W.D.M. stormwater district still running downhill in the courts
KENT DARR Apr 19, 2018 | 9:08 pm
3 min read time
714 wordsAll Latest News, Energy, Government Policy and LawThe city of West Des Moines has lost what could be the final round of a legal fight to establish a stormwater fee district in a development area near the city’s western border.
If the City Council decides not to appeal the latest court ruling in a dispute that has held up development in the Sugar Creek watershed near Grand Prairie Parkway, the city will have to “go back to the drawing board” for a new way to manage runoff and build culverts, bridges and roads in the area.
Developers who own low ground need the infrastructure, and those who own the high ground do not.
Steven Gillotti’s Interchange Partners owned about 80 acres of high ground — most of which has since been sold to Hubbell Realty Co. — when he challenged a city ordinance that levied what was called a stormwater connection fee of $4,962 an acre when developers submitted plans for a subdivision or obtained construction permits. Funds generated by the fees were to be used to replace aging culverts, install new culverts and build bridges. The district was limited to 1,500 acres of development land.
West Des Moines officials argued in court that culverts and bridges that channeled stormwater to Sugar Creek and then to the Raccoon River amounted to a utility and that fees associated with the structures could be spread among owners of development land in the area. Gillotti’s attorney, George LaMarca, countered that the city was simply looking for a way to build roads and was distributing a disproportionate share of those costs on certain landowners. In addition, his argument went, the city was playing loose with the definition of a utility.
In December 2016, a Dallas County District Court judge agreed with LaMarca.
Judge Paul Huscher said the West Des Moines ordinance violated state law and in a pointed decision noted that the landscape’s hills and valleys created the only utility that existed in the watershed area.
“Rainwater falling on the petitioner’s property runs downhill through the naturally occurring waterways. … Those waterways and drainage slopes were not constructed by the city, are not owned by the city, and will not be maintained or improved by the city of West Des Moines. The placement of culverts under roadways, as those streets are built, will do nothing to improve stormwater drainage from the upstream properties. The culverts, at best, will permit the continued drainage the private property owners currently enjoy and to which they are legally entitled,” Huscher said.
He pointed out that there was not an actual connection of a stormwater drainage system.
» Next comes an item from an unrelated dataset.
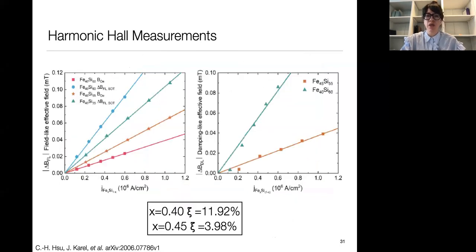Plotting the effective field from the field-like torque and from the damping-like torque as a function of current through the amorphous iron silicon layer, we observe a linear dependence — exactly what we would expect if spin orbit torques are present. The more current we apply, the greater the spin current generated and the larger the torque on the cobalt moments. We can extract a spin orbit torque efficiency from this data, and we also performed spin torque ferromagnetic resonance (ST-FMR) as a second verification measurement.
The area in question had been reduced to 1,500 acres from 2,575 acres after the city discounted property that had already been developed or that it determined could not be developed.
In a decision filed Wednesday, a three-judge panel of the Iowa Court of Appeals agreed, unanimously, with Huscher.
“This was a long and hard-fought battle, but my client understood that important property rights were at stake,” LaMarca said in an email to the Business Record. “The case has established several significant points.”
Among them were that the city’s planned culverts do not create a new structure to control the carry-off of surface water, and they do not qualify as a city sewer utility; the city cannot charge connection fees to properties that never will be connected in any way to the under-road culverts; and the property is not connected to a sewer merely because water drains from the property and eventually passes through a culvert under a city street.
Additionally, the appellate court determined that even if the culverts qualified as a city sewer facility, there was not “equitable apportionment of taxes” based on benefits to property owners, given that the connection fee was charged to owners of undeveloped property.
The City Council will have to decide whether to appeal, City Manager Tom Hadden said. Another option is to attempt to change state law to allow districts such as the one proposed in the city ordinances, he said. The next regularly scheduled City Council meeting is April 30.
Hadden said some developers voluntarily paid the connection fee. After the lawsuit was filed, the city decided to hold funds from the connection fees in an escrow account pending the outcome of the case.